3rd International Conference on Computer Science and Engineering (UBMK), Sarajevo, Bosna-Hersek, 20 - 23 Eylül 2018, ss.67-72

Yayın Türü: Bildiri / Tam Metin Bildiri
Cilt numarası:
Basıldığı Şehir: Sarajevo
Basıldığı Ülke: Bosna-Hersek
Sayfa Sayıları: ss.67-72
Anahtar Kelimeler: bagging, clustering, ensemble learning, pruning, random subspace, voting
Dokuz Eylül Üniversitesi Adresli: Evet

Özet

Clustering ensemble is an effective way of improving the quality of clustering results. However, designing ensembles is a very difficult task because many factors that influence the performance of the ensemble should be considered: the types of clustering algorithms, the parameters of the algorithms (e.g., initialization method, initial seed values), ensemble size, and use of different samples and/or features of the dataset. In this study, eight different clustering ensembles are designed using several clustering algorithms (k-means, expectation maximization, hierarchical, canopy, and farthest first) and compared to each other in terms of accuracy to assess the impact of these factors. Traditionally, all clustering results produced by all ensemble components are used to create the final consensus clustering result. Unfortunately, some clustering solutions are not as good as others and decrease the overall performance.
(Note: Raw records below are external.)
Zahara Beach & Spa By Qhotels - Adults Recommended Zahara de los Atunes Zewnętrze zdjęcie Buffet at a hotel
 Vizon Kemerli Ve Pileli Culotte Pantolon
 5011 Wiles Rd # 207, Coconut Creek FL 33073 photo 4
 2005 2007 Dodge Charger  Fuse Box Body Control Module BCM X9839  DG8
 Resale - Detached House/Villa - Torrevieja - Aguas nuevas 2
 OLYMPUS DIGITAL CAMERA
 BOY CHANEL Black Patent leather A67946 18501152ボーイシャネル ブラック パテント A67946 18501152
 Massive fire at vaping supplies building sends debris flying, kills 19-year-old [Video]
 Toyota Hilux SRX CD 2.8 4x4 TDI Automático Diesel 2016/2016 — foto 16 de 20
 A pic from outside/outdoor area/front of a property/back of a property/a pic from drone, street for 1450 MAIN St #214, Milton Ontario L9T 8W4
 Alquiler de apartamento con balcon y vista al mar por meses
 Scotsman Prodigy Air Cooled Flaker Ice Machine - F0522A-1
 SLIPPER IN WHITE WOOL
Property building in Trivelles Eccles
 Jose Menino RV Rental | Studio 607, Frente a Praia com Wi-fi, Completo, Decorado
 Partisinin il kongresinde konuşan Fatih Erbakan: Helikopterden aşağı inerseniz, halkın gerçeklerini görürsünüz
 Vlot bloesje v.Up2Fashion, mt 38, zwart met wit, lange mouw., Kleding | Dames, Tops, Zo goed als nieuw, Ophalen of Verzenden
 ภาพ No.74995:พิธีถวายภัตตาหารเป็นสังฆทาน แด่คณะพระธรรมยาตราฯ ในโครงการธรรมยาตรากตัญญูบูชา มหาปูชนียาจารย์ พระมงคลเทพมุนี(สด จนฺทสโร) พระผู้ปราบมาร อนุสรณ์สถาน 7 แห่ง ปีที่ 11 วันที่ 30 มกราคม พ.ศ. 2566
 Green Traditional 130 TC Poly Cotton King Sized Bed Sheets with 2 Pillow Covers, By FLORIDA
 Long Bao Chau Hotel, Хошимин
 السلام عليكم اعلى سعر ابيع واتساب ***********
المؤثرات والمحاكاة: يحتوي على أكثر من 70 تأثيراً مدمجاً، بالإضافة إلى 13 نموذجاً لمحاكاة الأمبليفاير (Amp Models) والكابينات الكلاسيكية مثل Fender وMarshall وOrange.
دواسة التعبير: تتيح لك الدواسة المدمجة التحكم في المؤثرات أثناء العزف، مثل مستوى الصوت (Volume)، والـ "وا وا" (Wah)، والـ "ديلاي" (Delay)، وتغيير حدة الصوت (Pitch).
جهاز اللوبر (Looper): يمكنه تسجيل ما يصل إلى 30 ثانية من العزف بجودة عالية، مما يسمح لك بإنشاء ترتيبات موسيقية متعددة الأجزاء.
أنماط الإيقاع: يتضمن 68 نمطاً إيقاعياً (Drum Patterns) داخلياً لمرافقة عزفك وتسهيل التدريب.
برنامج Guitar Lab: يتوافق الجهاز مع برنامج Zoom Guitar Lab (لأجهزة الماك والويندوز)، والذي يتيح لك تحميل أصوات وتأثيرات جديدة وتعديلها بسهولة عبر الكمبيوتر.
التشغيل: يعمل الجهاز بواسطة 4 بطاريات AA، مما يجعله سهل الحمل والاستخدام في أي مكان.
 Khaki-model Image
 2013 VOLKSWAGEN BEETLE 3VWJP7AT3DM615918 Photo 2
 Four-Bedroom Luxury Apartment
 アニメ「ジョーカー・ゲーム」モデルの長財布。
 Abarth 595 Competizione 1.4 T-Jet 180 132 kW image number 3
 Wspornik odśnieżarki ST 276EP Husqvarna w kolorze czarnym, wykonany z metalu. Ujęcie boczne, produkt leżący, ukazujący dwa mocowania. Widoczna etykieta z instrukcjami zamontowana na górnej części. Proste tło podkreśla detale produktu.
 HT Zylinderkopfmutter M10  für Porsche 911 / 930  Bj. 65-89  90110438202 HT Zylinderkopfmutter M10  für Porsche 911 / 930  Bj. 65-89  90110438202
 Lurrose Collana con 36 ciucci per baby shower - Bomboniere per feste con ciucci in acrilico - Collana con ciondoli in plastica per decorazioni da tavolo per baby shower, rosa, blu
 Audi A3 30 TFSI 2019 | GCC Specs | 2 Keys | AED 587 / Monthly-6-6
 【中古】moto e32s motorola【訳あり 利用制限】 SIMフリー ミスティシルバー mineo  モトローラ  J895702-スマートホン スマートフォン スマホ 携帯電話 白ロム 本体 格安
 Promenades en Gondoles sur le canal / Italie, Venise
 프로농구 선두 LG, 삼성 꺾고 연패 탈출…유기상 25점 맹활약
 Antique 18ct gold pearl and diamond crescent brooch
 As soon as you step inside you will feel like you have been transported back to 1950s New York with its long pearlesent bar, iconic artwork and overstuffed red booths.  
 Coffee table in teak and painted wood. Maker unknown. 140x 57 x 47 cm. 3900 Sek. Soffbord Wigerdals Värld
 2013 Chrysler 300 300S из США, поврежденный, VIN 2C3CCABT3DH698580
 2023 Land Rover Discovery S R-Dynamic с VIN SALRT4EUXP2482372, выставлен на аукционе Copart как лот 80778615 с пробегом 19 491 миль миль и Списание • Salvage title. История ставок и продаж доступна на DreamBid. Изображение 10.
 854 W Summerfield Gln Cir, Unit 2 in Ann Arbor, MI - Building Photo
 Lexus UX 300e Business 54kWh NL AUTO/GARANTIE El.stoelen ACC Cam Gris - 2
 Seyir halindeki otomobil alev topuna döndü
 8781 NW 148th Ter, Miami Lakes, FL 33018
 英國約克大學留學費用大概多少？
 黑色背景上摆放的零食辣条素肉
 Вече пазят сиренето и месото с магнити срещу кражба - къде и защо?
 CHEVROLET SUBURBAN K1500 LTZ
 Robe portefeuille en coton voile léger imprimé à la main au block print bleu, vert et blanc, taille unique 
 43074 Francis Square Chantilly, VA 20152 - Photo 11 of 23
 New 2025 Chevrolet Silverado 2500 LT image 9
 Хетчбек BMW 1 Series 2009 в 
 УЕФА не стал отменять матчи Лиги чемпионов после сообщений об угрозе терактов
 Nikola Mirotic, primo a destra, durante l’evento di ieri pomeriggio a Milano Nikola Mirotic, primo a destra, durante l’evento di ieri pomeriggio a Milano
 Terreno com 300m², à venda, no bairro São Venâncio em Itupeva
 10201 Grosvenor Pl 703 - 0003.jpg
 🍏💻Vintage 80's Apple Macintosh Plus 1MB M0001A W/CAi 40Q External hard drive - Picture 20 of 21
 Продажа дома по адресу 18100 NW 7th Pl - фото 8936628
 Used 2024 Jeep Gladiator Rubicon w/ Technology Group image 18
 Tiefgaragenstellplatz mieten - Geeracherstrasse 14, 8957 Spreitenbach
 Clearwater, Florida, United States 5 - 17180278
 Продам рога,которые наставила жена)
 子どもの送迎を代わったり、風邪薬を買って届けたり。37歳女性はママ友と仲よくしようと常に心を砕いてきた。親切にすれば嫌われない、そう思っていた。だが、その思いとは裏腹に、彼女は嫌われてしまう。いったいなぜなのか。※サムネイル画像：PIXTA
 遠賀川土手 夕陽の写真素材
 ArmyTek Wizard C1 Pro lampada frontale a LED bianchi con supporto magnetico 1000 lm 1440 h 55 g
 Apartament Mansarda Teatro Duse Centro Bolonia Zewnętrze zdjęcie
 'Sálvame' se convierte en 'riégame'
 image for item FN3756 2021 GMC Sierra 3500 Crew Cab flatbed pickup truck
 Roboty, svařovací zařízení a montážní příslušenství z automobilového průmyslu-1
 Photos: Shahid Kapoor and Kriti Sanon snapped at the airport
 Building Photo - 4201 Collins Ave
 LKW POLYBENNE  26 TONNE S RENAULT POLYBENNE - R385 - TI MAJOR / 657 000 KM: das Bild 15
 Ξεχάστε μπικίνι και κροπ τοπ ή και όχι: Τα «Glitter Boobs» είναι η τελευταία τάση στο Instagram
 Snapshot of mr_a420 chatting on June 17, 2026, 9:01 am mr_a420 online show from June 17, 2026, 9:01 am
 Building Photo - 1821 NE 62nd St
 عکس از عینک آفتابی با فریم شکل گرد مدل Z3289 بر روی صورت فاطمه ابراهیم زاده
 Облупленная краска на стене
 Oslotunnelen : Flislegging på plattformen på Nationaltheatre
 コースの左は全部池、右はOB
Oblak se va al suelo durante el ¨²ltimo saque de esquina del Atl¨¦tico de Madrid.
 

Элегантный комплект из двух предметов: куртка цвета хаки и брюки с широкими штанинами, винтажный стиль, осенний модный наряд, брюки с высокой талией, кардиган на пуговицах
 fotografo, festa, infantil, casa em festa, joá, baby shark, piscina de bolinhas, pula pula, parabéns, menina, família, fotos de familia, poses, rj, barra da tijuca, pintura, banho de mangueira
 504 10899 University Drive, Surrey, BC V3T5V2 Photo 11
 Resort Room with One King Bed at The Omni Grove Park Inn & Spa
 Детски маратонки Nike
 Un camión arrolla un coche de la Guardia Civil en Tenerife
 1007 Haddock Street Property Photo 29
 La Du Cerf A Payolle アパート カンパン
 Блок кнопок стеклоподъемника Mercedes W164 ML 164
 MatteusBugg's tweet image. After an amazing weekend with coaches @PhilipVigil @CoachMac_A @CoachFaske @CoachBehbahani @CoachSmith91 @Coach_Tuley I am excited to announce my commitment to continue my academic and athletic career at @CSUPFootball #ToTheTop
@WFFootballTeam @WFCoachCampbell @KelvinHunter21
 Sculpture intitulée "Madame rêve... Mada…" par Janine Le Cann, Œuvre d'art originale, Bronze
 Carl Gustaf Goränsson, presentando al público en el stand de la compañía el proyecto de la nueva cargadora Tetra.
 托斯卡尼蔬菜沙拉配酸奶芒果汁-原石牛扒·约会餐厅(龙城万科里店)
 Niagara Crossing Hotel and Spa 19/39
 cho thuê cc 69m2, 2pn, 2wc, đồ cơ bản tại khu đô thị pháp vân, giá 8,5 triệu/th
To solve this problem, this paper proposes an accuracy-based solution selection strategy. In the experimental studies, different clustering ensembles by the proposed solution selection strategy were applied on 14 well-known datasets to determine the optimal ensemble design. According to the experimental results, clustering ensemble strategies significantly outperform single clustering models by better discovering the latent patterns in data.